R - GCATATCTCATCATATCTGACGACAT

il1r-like

ENSGACG00000001328

F - GAACGCGAGAACTGCAAGAAC

R - GGGACGCTGGTGAAGTTGAA

acvr1l

ENSGACG00000010017

F - CACTTTAGCGGAGCTGTTGGA

R - AGAAAAGGAAGTCCGGAACCA

yipf4

ENSGACG00000002189

F - CCCTCAAACGGAGACTTTACGT

R - GGTGCCGCTGAGCTCTTC

Analyses of RNAseq data

As a small preliminary exercise to assess the relevant information content of the Broad gasAcu1 assembly for our wider study, we arbitrarily selected a panel of 31 immunological genes-of-interest whose existence would be expected to be conserved in a lower vertebrate genome and searched for these in the Ensembl stickleback database and the gasAcu1 genome assembly. From this list, 26 (84 %) were associated with predicted database genes (annotated), 3 (10 %) were detectable in the genome assembly but not annotated in the database and 2 (6 %) were absent from the database and genome assembly. In all cases fragments of the genes (confirmed by sequencing) were amplifiable by PCR using primers designed from the assembly sequence, or, in the case of the two missing genes, fragments (also confirmed by sequencing) were amplified using primers designed from conserved regions in multi-species (teleost) alignments. After filtering out low expression genes (see above), the RNAseq dataset contained 20947 predicted loci. Of these, 16575 (79 %) matched genes in the Ensembl G. aculeatus database. These data suggested that although a proportion of real genes were missing in the stickleback genome assembly, sufficient information was present to take a broad view of genome-wide expression patterns.

Genes were classified as summer- or winter-biased if they were significantly biased in the same direction at both RHD and FRN at an individual error rate (P < 0.05) based on Cuffdiff output; this represents a combined individual P <0.0025, in practice a more stringent cut-off than a False discovery rate (FDR)-adjusted P = 0.05 threshold for a single locality. For unannotated predicted loci that were seasonally-biased we performed a series of standardized Blast (tblastx) searches that identified a small number of additional genes with high confidence.

For analyses involving comparisons to curated gene sets, we used Ensembl Biomart [58] to convert the identifiers for annotated stickleback genes to the HGNC symbol for an estimated orthologous human gene. Where there were multiple predicted human orthologues (typically related in broad function), a single estimated orthologue was randomly retained per stickleback gene. Similarly, where more than one stickleback gene shared the same predicted human orthologue, only one of these was randomly retained in the gene list. Thus only annotated stickleback genes with a corresponding predicted human orthologue and HGNC symbol were considered in these analyses.

Immune-associated genes were initially defined by homologous relationships with genes from the relatively inclusive ImmPort comprehensive list of immune-related genes [17]. Seasonally-biased genes from this list were individually, manually assessed for core immune functions (evidence of direct involvement in immune effector or regulatory activity) using links from the gene list report in DAVID 6.7 and from GeneCards v. 4.0.
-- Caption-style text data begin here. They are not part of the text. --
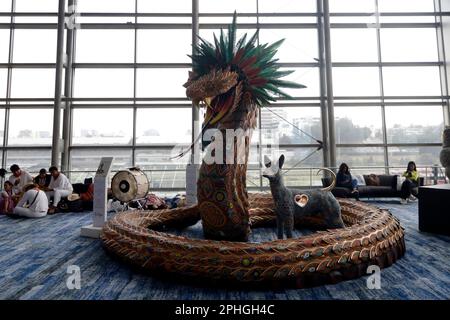 Mexiko-Stadt, Mexiko. 28. März 2023. 27. März 2023, Mexiko-Stadt, Mexiko: Die Tribünen der mexikanischen Staaten, Reiseveranstalter, Kulturveranstalter und Investoren im Mexico Tourism Tianguis 47. im Banamex Center in Mexiko-Stadt. Am 27. März 2023 in Mexico City, Mexiko (Foto: Luis Barron/Eyepix Group/Sipa USA). Kredit: SIPA USA/Alamy Live News Stockfoto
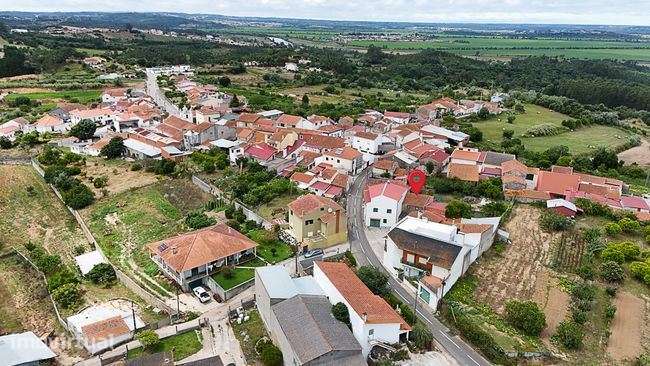 EXCELENTE OPORTUNIDADE DE INVESTIMENTO -MORADIA PARA REABILITAR EM ... - Grande imagem: 3/11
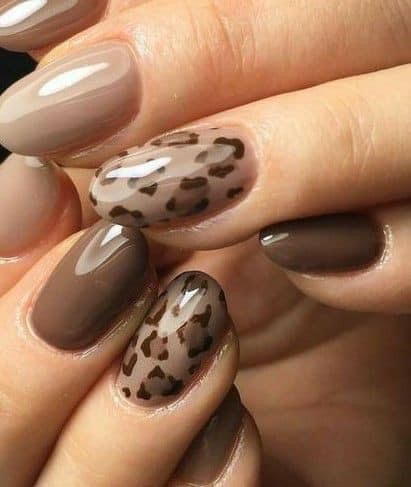 Cheetah Print Nails Fall Orange, Elegant Leopard Nails, Subtle Leopard Print Nails, Fall Gel Nails Black, Fall Nails With Leopard Print, Fall Pedicures Ideas, Cute Leopard Nails, Fall Leopard Nail Designs, November Nails Ideas 2023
Gene set nrichment analysis (GSEA v2.1.0) [59, 60] was used to investigate whether a priori defined gene sets showed significant expression differences between winter and summer samples. Separate GSEA analyses were carried out for FRN and RHD (Fig. 1a), using ranked winter-summer expression changes (GSEAPreranked), and comparing to all KEGG (c2.cp.Kegg.v.5.0.symbols.gmt) and REACTOME (c2.cp.Reactome.v.5.0.symbols.gmt) pathway gene sets within the MsigDB database [60]. FDR-adjusted P values from this analysis were combined for the two localities by Fisher’s method [61] and combined FDR P values < 0.05 were considered further. In parallel, more targeted GSEA analyses were carried out using smaller numbers of selected REACTOME and GO gene sets to represent different immunological processes and also wider organismal processes (growth, responses to stress, metabolism, reproduction). Applying hypergeometric distribution tests (Fisher’s exact test) for overlap between gene sets, these selected gene sets were additionally used to probe the sets of winter-biased and summer-biased genes identified above, and sets of genes from modules identified by network analyses (see below).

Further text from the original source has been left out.